On one level, this shouldn’t matter: if the major parties agree on reform (as they did at the JSCEM), there’s nothing the crossbenchers can do about it. Even with Labor getting cold feet, the Coalition and the Greens between them have a clear Senate majority. And the threat of crossbench retaliation on other legislation could be met by leaving voting reform until the last months prior to an election.

But there’s a further hiccup. As the ABC’s election analyst Antony Green has pointed out in two recent posts, the Australian Electoral Commission needs time to implement any changes prior to an election. The more drastic the reform, and, in particular, the more it results in voters expressing their own preferences on ballot papers, the more time it needs.

To implement the JSCEM proposal, Green says the AEC has asked for a 12-month lead time, otherwise it will have to conduct the count manually.

And if large numbers of people express their own preferences, then a manual count of, say, the New South Wales Senate, with over 4.5 million votes, would be a logistical nightmare.

So if this has stopped being a matter of high principle (since no one but the self-interested micro-parties defends group ticket voting) and become just a matter of practicality, why not go the whole way with simplicity, and get rid of preferences entirely for Senate voting?

We know that the vast majority of voters (96.5% in 2013) are comfortable just voting “1” for a party above the line, without worrying about its preferences or even who its candidates are. Why not just make the party votes the whole story, and elect senators in proportion to their party’s vote?

The truth is that leaving aside the bizarre deals that have elected the micro-party senators, preferences make very little difference to our Senate results. I’ve redone the calculations from the 2013 half-Senate election, on the assumption that they were a simple proportional election, using a Sainte-Lague system (as used, for example, in Germany and New Zealand). Here are the results. 

There’s very little difference: three of the micro-parties would miss out, with two extra seats going to Labor and the third to Xenophon’s running mate. The fundamentals of the balance of power would not have changed at all.

That confirms what’s already been learned from New South Wales, where the last four upper house elections have been held using essentially the proposed JSCEM method. On only two occasions has a candidate leapfrogged another to win on preferences: for 82 of the 84 members elected, preferences made no difference at all to the outcome.

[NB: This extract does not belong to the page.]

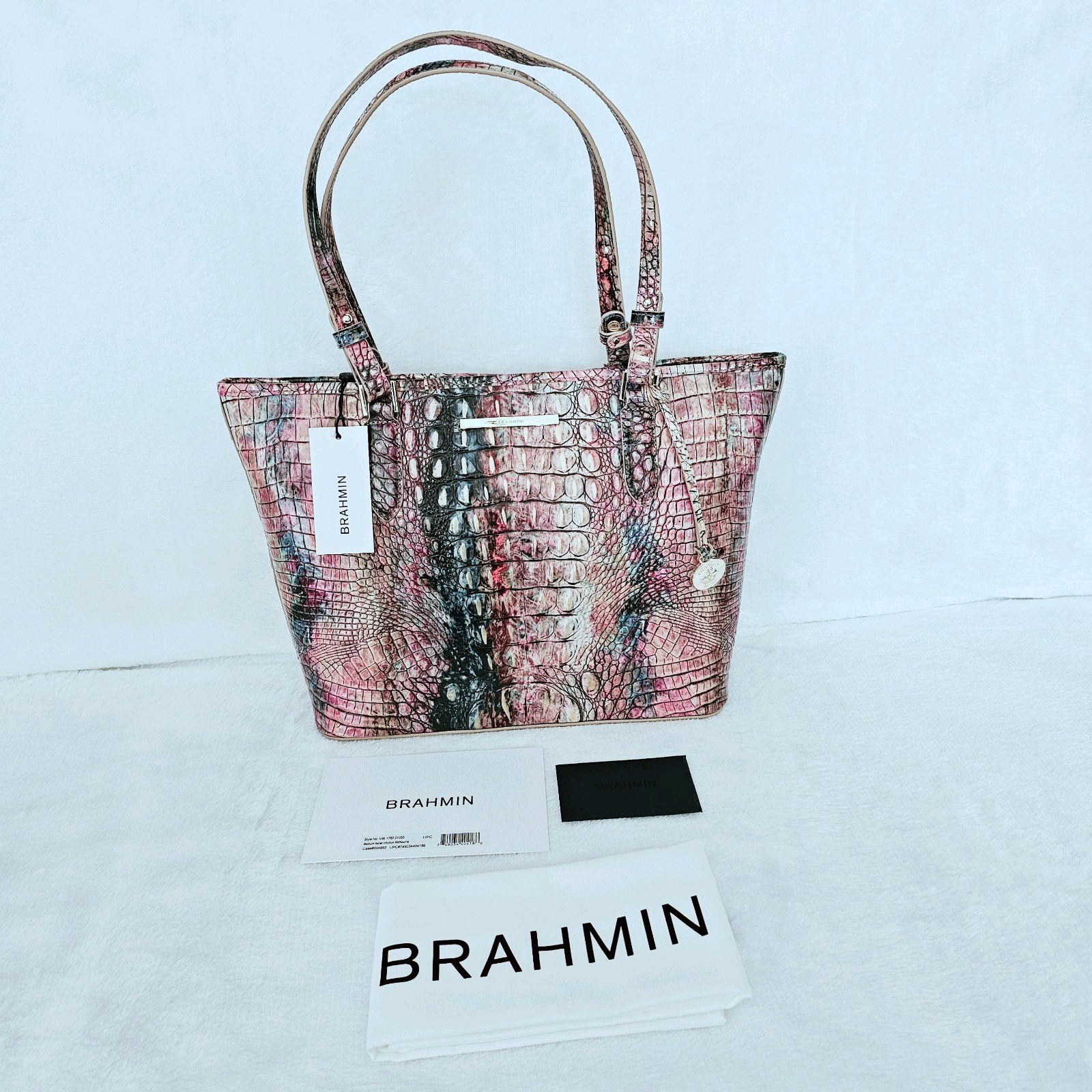 NEW BRAHMIN INTUITION MEDIUM ASHER | eBay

With this change, the complexity that worries the AEC would disappear.

In effect, all votes would be “above-the-line” (although a below-the-line option could be retained for those who want to re-order the candidates in their party’s ticket, as is allowed in many European elections); they would only need to be counted once, and anyone with a spreadsheet can do a Sainte-Lague calculation in 30 seconds.

I’ve got nothing against preferential voting, and for single-member electorates or even small multi-member electorates (as in Tasmania or Ireland) it works well. But for an election with millions of votes where the preferences are unlikely to change anything, it seems an expensive and unnecessary indulgence.

It’s especially interesting to note that Leyonhjelm, with 9.5% of the vote, would still have won his seat without preferences. His opposition to reform is more subtly based. He knows that his election was a product of voter confusion: faced with an absurdly long ballot paper, many voters who were looking for the Liberal/National ticket lighted instead on the Liberal Democrats, who had drawn the lead position. And that in turn was a consequence of the lottery of group ticket voting.

With no automatic preferencing, the incentive for most of the micro-parties to stand would disappear, meaning simpler ballot papers and less confusion. Not good for some people’s self-interest, but an unequivocal gain for democracy.